Viewing a single comment thread. View all comments

Superschlenz t1_iypxi3i wrote

>Could you elaborate on why?

Because random noise basically means "We do not understand the real causes," and a solution cannot be optimal if different random seeds lead to different performance results.

>What is the alternative?

I am not competent enough to answer that, but basically the random seed is a hyperparameter and an optimal learning algorithm should have zero hyperparameters at all, so that everything depends on the user data and learning is not hampered by the wrong hyperparameter choice of the developer. Maybe Bayesian Optimization with a yet-to-invent way to stack them against the curse of high-dimensional data.

0

Oceanboi t1_iyq03g2 wrote

Why do you say an optimal learning algorithm should have zero hyperparameters? Are you saying an optimal neural network would learn things like batch size, learning rate, optimal optimizer (lol), input size, etc, on its own? In this case wouldn't a model with zero hyperparameters be the same conceptually as a model that has been tuned to the optimal hyperparameter combination?

Theoretically you could make these hyperparameters trainable if you had the coding chops, so why are we still as a community tweaking hyperparameters iteratively?

1

Superschlenz t1_iyq5oy5 wrote

>Why do you say an optimal learning algorithm should have zero hyperparameters?

Because hyperparameters are fixed by the developer, and so the developer must know the user's environment in order to tune them, but if it requires a developer then it is programming and not learning.

>Are you saying an optimal neural network would learn things like batch size, learning rate, optimal optimizer (lol), input size, etc, on its own?

An optimal learning algorithm wouldn't have those hyperparameters at all, not even static hardware.

>In this case wouldn't a model with zero hyperparameters be the same conceptually as a model that has been tuned to the optimal hyperparameter combination?

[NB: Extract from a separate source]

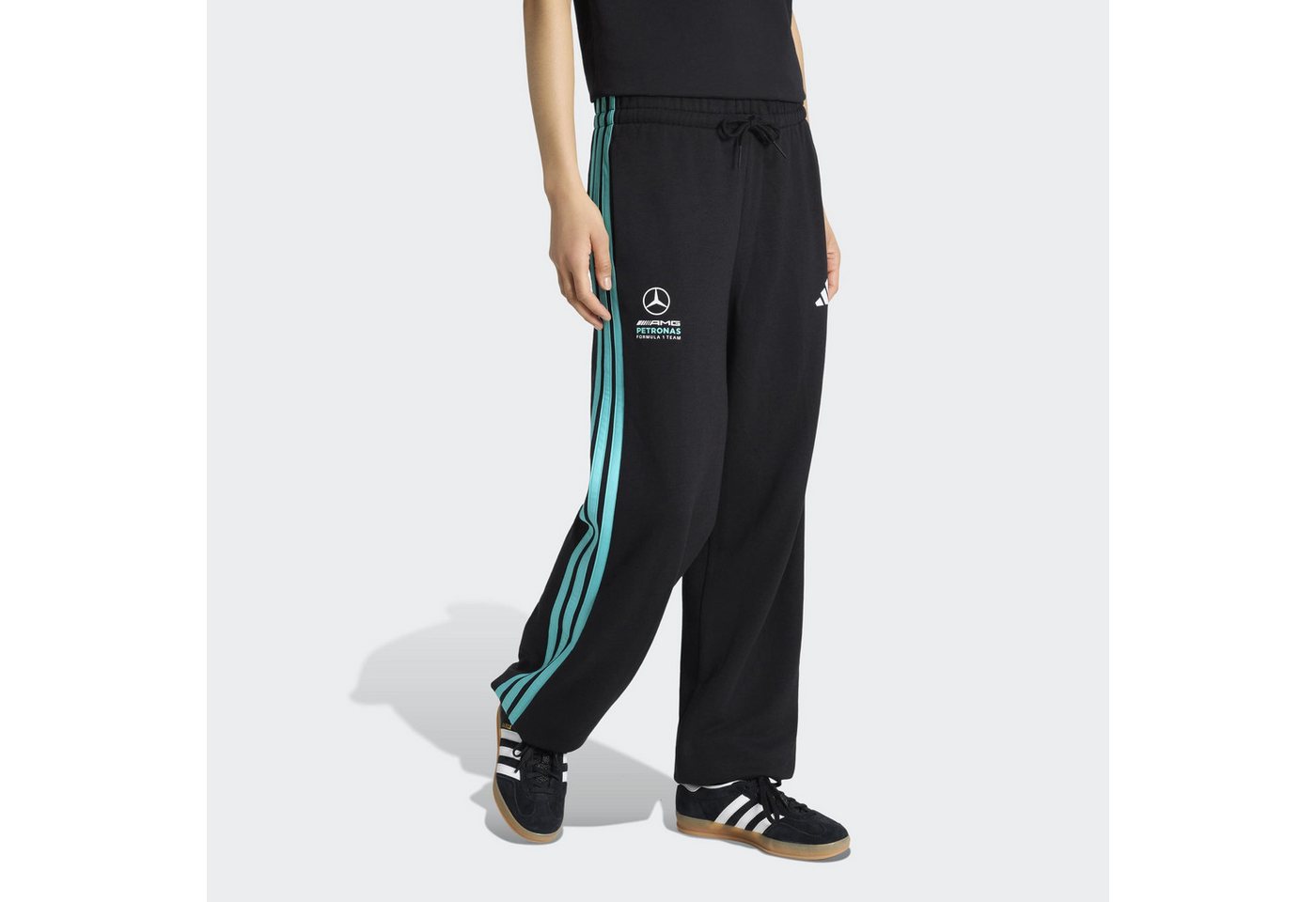 adidas Performance Sporthose MER DNA PNT W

Users do not tune hyperparameters, and developers do not know the user's environment. The agent can be broadly pretrained at the developer's laboratory to speed up learning at the user's site, but finally it has to learn on its own at the user's site without a developer being around.

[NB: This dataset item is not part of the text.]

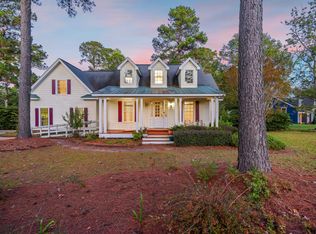 113 Twisted Oak Trl, Elloree, SC 29047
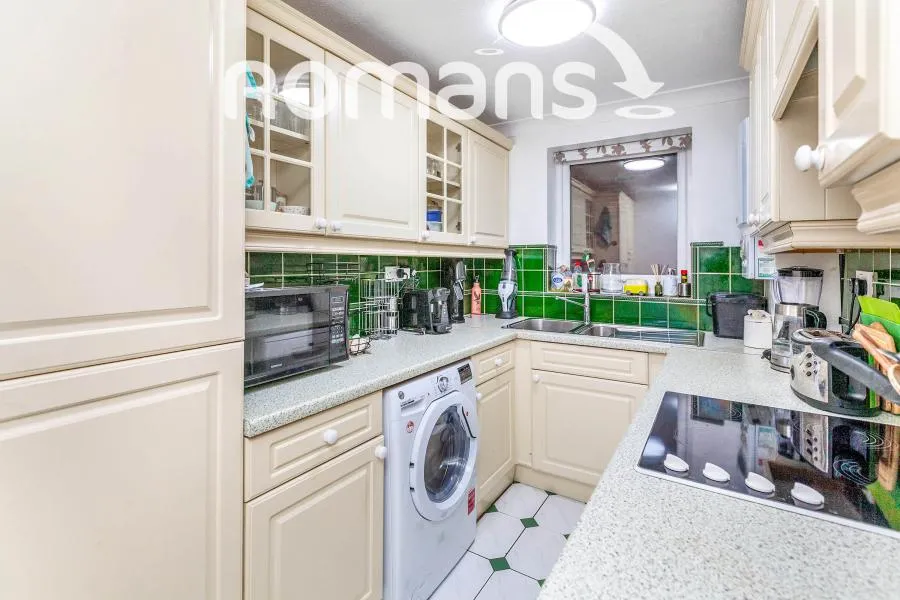 Osborne Road, Windsor, SL4, photo 8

>Theoretically you could make these hyperparameters trainable if you had the coding chops, so why are we still as a community tweaking hyperparameters iteratively?

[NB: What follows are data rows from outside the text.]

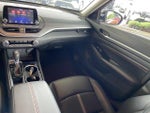 2023 Altima Thumbnail 14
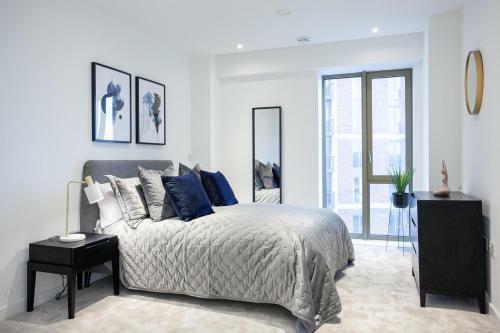 Apartamento The Crescent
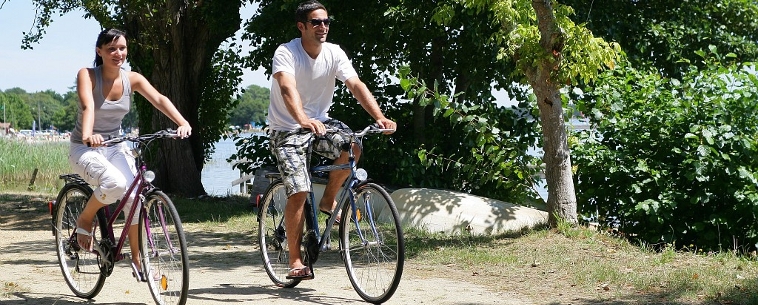 vélo - Divonne les Bains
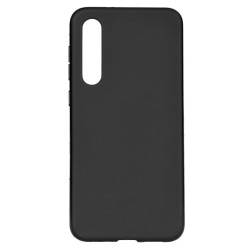 Funda Silicona lisa para Xiaomi Mi 9 SE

Because you as a community have been forced to decide for a job when you were 14 years old, and you chose to become a machine learning engineer because you were more talented than others, and now you are performing the show of the useful engineer.

−1

Optimal-Asshole t1_iyqtp3l wrote

No, the reason for hyper parameter optimization isn’t job security. It’s because choosing better hyper parameters will produce better results which has more success in applications. There are people working on automatic hyperparameter optimization.

But let’s not act like it’s due solely due to some community caused phenomenon and engineers putting on a show. Honestly your message comes off as a little bitter.

2